Questa partita ha ribadito ciò che ho segnalato dopo il match d' andata: l' unico modo per sperare di battere il Barcellona è il catenaccio, la fortuna ed essere implacabili nelle ripartenze.
E così è stato. Monologo assoluto dei padroni di casa, 72% di possesso palla, 1 palo di Messi, 1 traversa causata dal rigore sbagliato dallo stesso Messi.
Il Barcellona è bellissimo, ma ogni sua partita ha un lato brillante ed uno oscuro, il luminoso gioco del calcio dei catalani contro il vecchio catenaccio dei suoi avversari.
Si riversano tutti nella metà campo degli avversari, il suo calcio si esprime in un possesso palla efficace, magnifico, un calcio totale, c'è sempre un compagno libero, gli avversari se toccano palla, la sbattono di nuovo addosso ai blaugrana. Non si capisce mai bene lo schema utilizzato dagli uomini di Guardiola.
E come succede in tutti gli sport, c'è un sottile piacere nel vedere il crollo di un mito.
E' stato tutto divertente, vedere come giocavano, come non sbagliavano un passaggio, come non riuscivano a segnare. E' stato tutto divertente, meno che il Chelsea.
Va in finale il calcio agli antipodi del Barcellona, tutto tranne che divertente, nell' arco dei 180 minuti i Blues hanno avuto 3-occasioni-3 (nei recuperi) e le hanno concretizzate tutte, e poi si sono chiusi dietro a pregare di non prenderle.
Messi è il calciatore più forte che ho visto, video compresi. Anche stasera l'ha dimostrato e ri-merita il Pallone d' Oro.
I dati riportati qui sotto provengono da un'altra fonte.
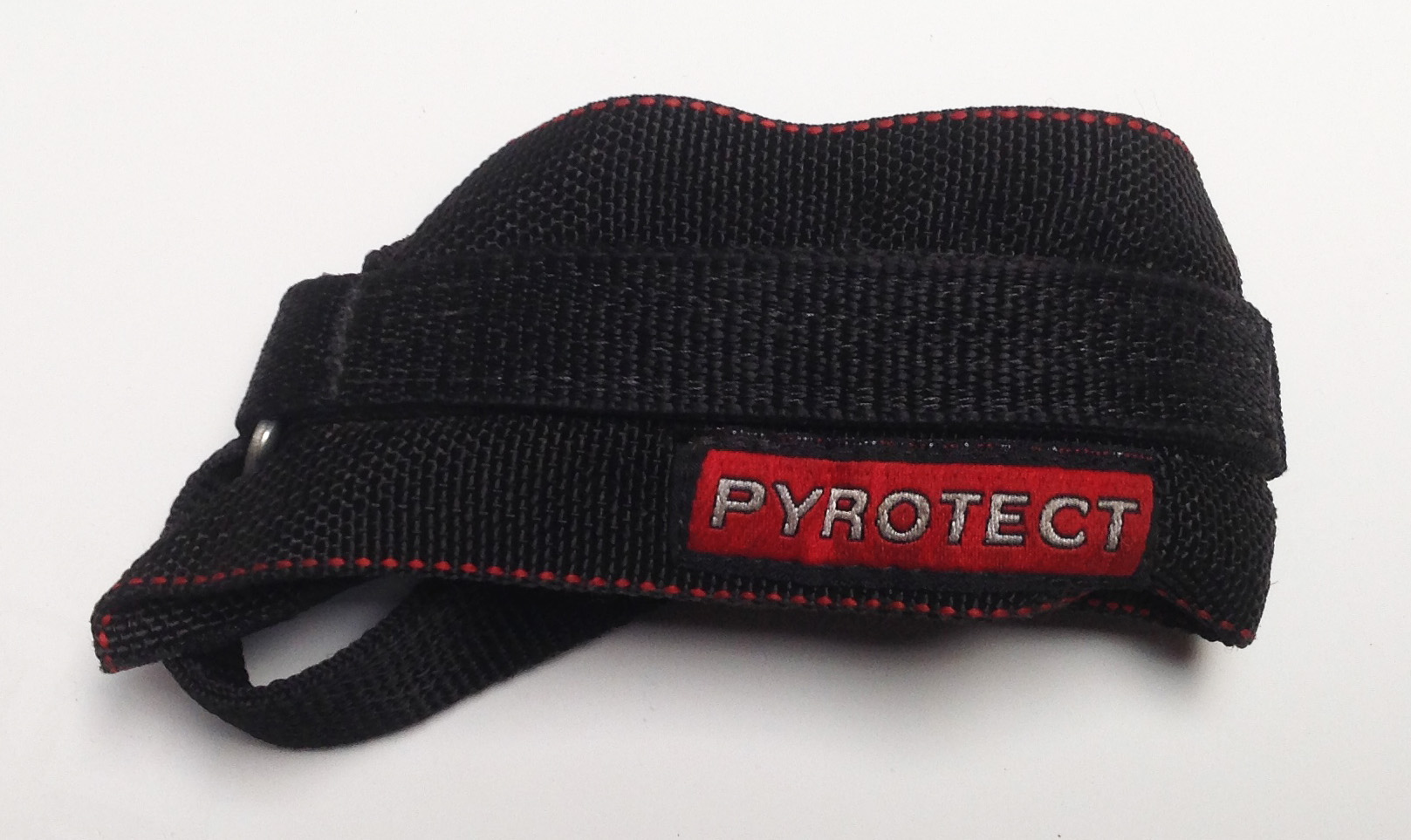 Pyrotect - Adj - Arm Restraint. Works with most Harnesses (Single)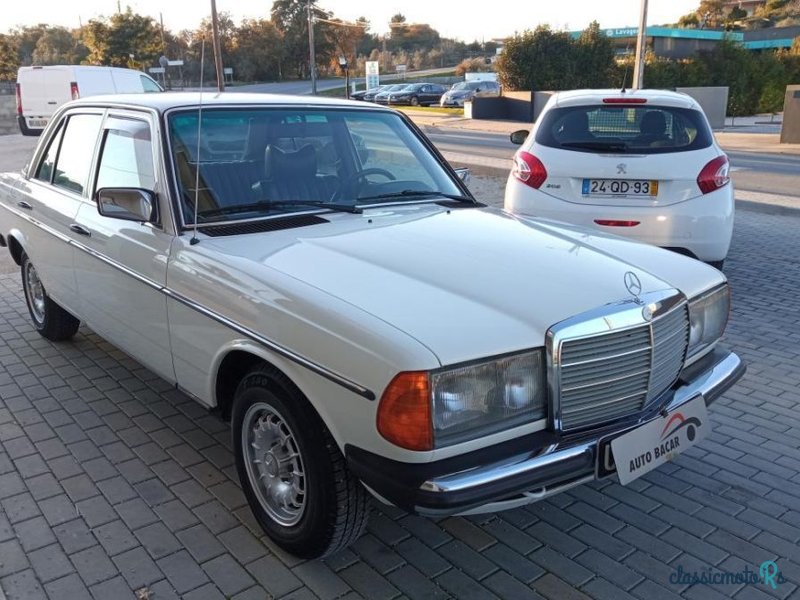 1979' Mercedes-Benz 300 photo #2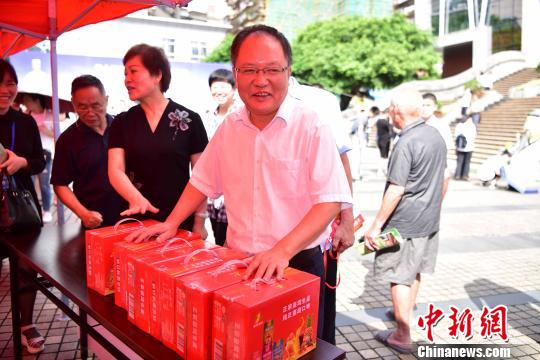 6月15日,南平市委常委,宣传部长张培栋(右一)在观看台湾产品.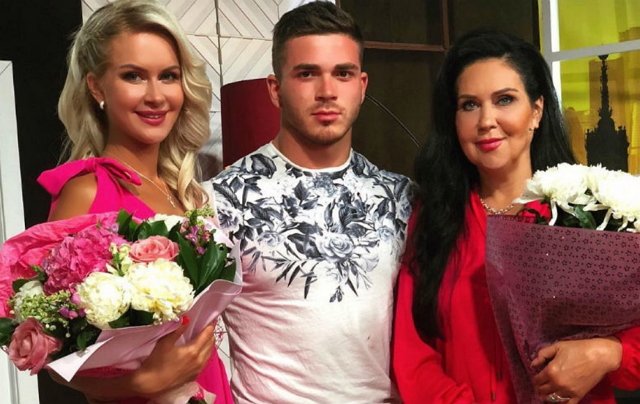 Марина Африкантова: Я стараюсь ограничить общение с мамой!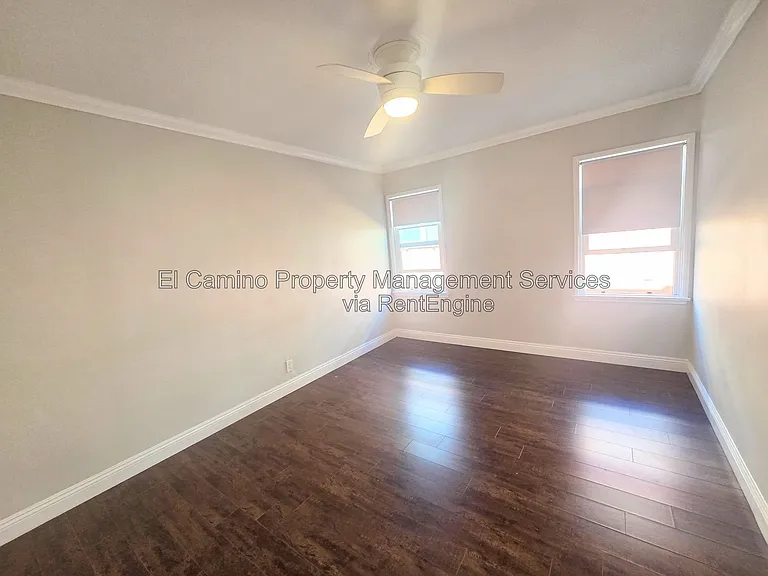 1036 E 2nd St #7 — Photo 7
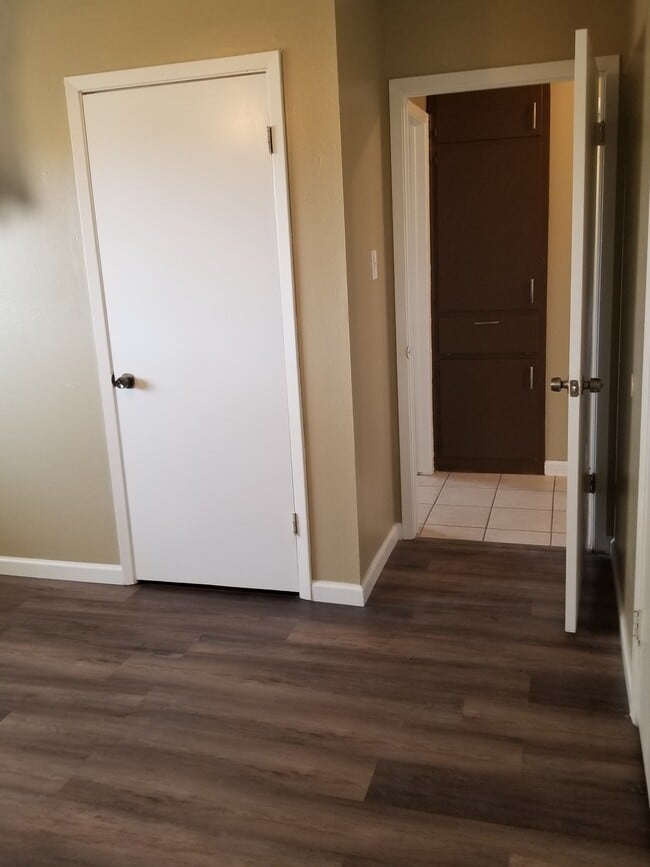 12307 shadyview dr Unit B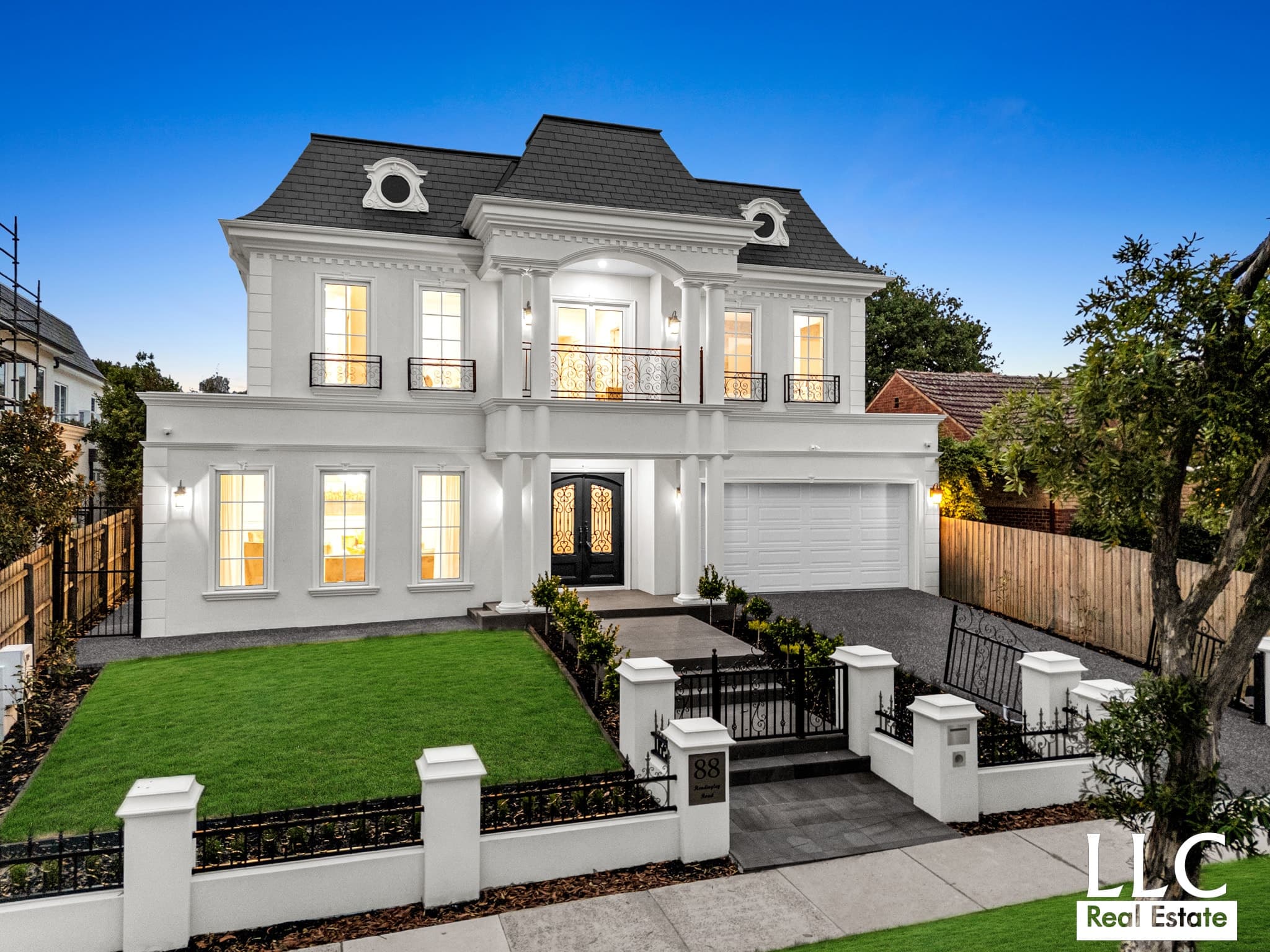 88 Headingley Road, Mount Waverley - Thumbnail 2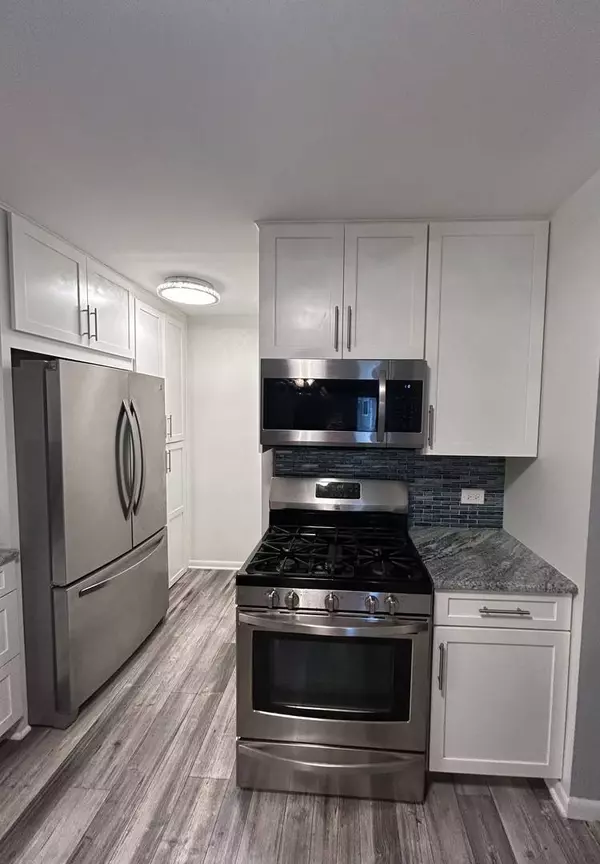 472 Lambert DR #B2, Schaumburg, IL 60193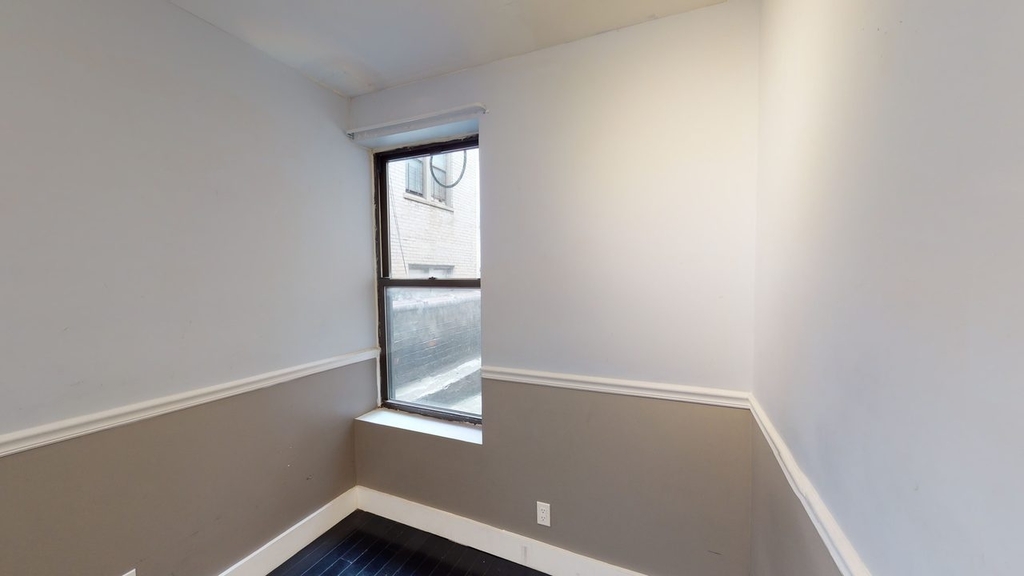 907 Nostrand Avenue - Photo 2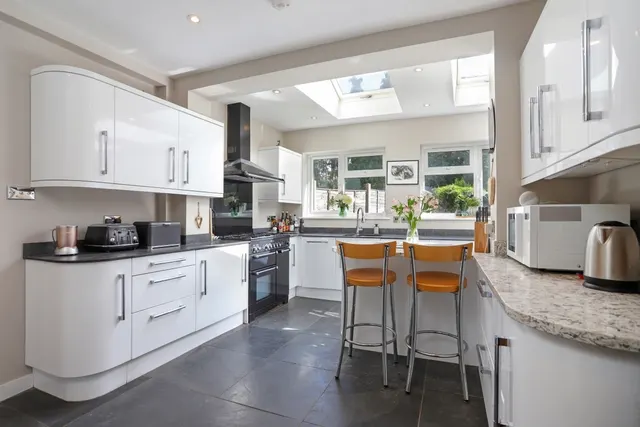 Sandy Lane, Farnham, GU10, photo 3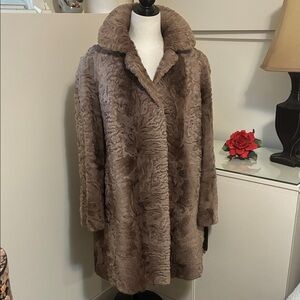 Luxurious Vintage Astrakhan Lamb Fur Coat in Brown Size L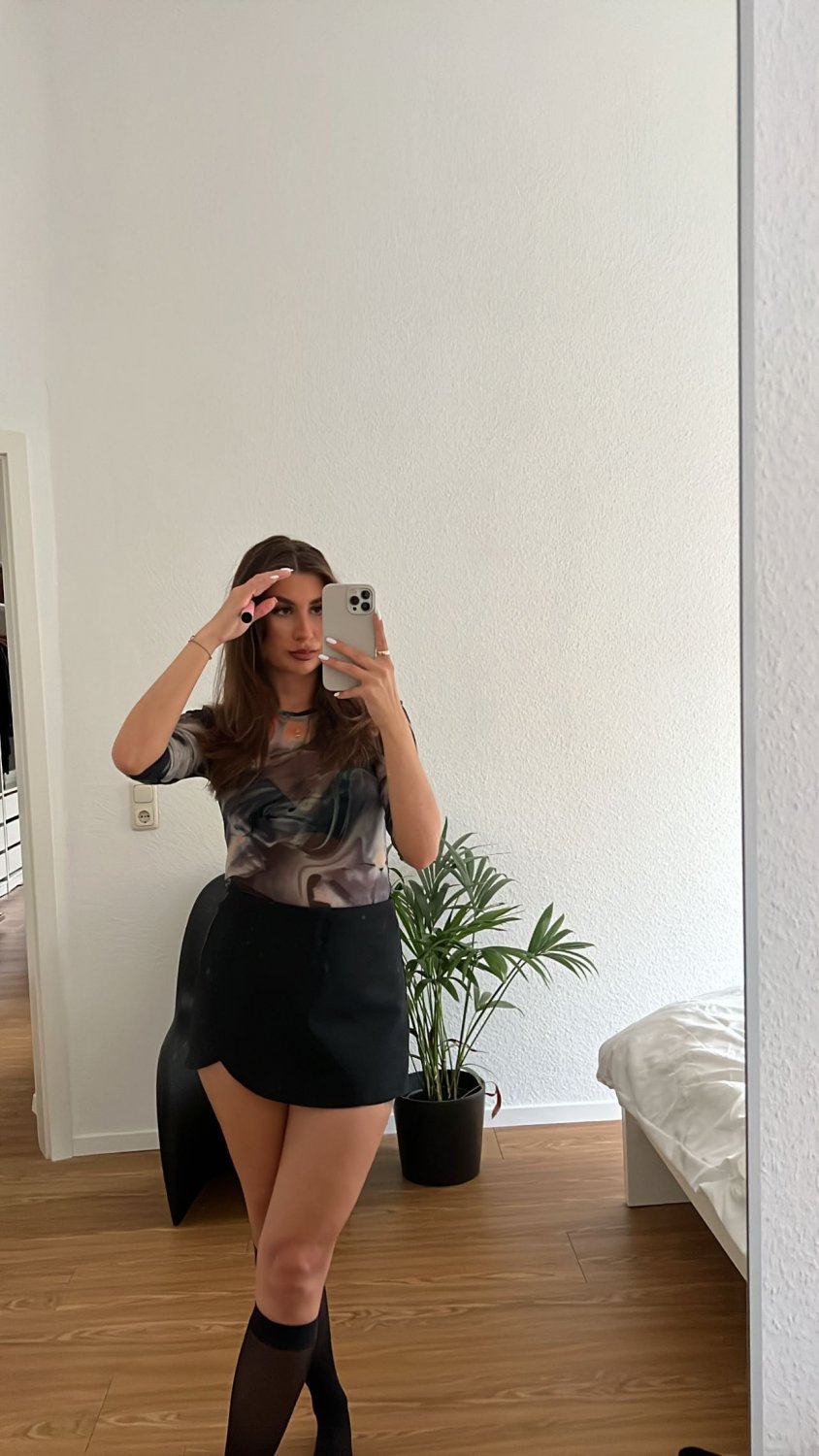Cute petite girl eve #yrt7p0Me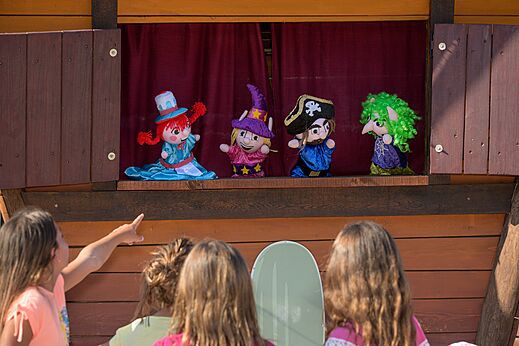 Children's puppet show, entertainment at CAPFUN La Nina campsite in Agde (34).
Questo Barcellona è la squadra più forte che ho visto, video compresi. Anche stasera ed anche questa stagione.
Nessun complimento al Chelsea, conta il risultato, ma a me il catenaccio non piace proprio.


PS. Mettere al palo: legare una persona a un palo per torturarla. 
Io durante questa partita, come ho espresso molto chiaramente, mi son sentito messo al palo dall' anti-calcio dei londinesi!